JR: Well, I’m a huge fan of movies, and I’m a huge fan of cars. Put both of those things together, and who best kind of embodies the movies and cars than Steve McQueen? His films and filmmaking in the late 60s and early 70s [were] hugely inspirational. And digging a little bit into what made him tick and the choices he made were just inspiring as a filmmaker myself, and digging into just what it was like in that era to make movies – really fascinating. And he was a guy who really spoke from the heart and was really true to who he was as a person and tried to bring a lot of his own personality into his movies, and I think that’s why his movies connected with their audience. And so once I kind of identified that, it helps my own art in a lot of ways. It’s been a very inspiring project.
DW: Are you open to directing any kind of film – not just a post-apocalyptic or a horror film?
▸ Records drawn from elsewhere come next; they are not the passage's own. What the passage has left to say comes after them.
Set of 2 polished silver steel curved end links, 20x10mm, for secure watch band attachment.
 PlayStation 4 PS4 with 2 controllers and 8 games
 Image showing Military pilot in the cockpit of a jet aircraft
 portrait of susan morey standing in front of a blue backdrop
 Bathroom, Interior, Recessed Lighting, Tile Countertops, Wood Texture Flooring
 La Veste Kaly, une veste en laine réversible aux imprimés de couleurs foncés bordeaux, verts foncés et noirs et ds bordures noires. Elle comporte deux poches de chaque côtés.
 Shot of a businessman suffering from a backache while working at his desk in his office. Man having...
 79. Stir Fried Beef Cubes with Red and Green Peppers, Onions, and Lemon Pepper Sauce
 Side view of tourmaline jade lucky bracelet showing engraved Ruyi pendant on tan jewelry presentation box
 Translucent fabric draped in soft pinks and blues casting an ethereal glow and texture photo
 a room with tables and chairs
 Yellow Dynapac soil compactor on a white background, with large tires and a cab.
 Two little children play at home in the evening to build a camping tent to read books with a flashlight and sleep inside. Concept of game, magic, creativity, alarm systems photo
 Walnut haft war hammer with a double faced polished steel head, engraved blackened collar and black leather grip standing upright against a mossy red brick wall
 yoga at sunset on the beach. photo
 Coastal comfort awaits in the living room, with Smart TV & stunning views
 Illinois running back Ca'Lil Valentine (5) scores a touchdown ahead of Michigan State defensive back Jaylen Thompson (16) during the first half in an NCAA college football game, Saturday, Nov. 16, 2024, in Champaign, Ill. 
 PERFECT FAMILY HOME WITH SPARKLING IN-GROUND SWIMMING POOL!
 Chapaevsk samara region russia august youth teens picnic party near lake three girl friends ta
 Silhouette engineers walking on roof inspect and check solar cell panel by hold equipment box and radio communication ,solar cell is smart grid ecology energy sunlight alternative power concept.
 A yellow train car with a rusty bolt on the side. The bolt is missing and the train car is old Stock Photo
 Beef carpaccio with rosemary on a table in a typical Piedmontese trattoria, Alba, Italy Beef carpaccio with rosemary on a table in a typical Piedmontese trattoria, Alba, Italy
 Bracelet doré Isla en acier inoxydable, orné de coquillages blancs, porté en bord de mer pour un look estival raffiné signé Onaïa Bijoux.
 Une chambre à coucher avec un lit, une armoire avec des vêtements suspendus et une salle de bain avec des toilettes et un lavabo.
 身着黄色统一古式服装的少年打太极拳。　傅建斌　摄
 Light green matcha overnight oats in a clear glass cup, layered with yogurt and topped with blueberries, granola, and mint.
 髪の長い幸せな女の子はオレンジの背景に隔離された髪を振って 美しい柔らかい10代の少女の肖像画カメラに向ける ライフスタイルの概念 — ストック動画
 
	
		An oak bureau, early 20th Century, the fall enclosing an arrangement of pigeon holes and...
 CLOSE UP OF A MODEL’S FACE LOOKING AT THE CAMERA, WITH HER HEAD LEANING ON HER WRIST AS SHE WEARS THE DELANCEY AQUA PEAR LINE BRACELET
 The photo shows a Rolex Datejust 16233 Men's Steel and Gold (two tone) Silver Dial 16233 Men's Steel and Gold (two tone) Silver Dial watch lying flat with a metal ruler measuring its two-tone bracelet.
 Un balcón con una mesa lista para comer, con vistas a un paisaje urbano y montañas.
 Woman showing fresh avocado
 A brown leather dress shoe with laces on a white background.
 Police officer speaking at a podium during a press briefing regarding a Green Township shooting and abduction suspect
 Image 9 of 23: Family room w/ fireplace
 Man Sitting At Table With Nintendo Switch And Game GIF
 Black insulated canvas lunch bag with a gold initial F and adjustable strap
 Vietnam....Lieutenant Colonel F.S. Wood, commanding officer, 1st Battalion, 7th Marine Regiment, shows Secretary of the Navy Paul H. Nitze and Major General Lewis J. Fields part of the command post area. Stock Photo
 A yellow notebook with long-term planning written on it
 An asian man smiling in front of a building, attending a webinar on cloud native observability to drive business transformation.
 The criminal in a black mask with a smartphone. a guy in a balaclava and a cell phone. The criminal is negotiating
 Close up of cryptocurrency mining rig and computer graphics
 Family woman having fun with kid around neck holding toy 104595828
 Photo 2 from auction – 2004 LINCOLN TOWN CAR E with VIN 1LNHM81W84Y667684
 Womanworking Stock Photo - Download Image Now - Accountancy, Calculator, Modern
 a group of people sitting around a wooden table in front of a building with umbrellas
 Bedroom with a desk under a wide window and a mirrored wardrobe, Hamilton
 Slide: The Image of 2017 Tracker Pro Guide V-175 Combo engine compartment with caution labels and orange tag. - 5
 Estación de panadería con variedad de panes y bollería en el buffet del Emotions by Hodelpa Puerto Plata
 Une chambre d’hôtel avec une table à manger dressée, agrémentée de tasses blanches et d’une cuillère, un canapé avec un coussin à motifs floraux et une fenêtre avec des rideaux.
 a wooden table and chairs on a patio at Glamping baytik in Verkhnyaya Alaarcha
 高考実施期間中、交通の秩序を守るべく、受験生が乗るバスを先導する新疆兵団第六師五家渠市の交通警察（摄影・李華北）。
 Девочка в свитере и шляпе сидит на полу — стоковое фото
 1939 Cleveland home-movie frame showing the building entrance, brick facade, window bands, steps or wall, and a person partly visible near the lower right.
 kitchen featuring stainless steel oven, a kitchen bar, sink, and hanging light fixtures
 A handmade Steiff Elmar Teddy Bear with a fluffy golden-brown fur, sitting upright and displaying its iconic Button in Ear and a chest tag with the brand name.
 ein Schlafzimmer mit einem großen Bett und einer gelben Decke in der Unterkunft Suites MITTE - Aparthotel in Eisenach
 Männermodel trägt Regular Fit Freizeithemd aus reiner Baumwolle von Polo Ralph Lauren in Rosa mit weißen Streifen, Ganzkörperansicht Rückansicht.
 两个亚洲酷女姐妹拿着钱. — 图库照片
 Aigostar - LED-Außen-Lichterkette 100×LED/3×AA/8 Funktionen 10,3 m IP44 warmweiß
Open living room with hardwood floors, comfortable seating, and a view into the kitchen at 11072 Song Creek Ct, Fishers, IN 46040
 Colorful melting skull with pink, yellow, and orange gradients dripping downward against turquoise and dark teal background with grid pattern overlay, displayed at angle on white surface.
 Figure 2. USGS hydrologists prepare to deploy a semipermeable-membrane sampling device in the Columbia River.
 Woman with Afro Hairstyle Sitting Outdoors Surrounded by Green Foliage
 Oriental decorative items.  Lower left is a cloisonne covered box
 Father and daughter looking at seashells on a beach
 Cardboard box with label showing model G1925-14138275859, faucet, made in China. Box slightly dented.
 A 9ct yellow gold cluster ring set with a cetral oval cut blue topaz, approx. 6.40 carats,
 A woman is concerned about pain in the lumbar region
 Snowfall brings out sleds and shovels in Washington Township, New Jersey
JR: Sure. I am; my agents aren’t so open to it. [laughs] They always try to stick you into one pigeon hole, and there are obvious reasons for that. I certainly appreciate movies of all genres. I love how a guy like Steven Soderbergh can kind of skate around through different genres, but not a lot of guys can pull it off.
DW: Yeah, there is a couple right now. I know Soderbergh’s one of them; I know Danny Boyle – the “127 Hours” director – will do that quite a bit, too. And it’s really fascinating how they do it, and they still make perfect films.
JR: Yeah, exactly.
This concludes the interview, but the Chico Movie Examiner would like to thank Jeff Renfroe for taking the time to talk about “The Colony.”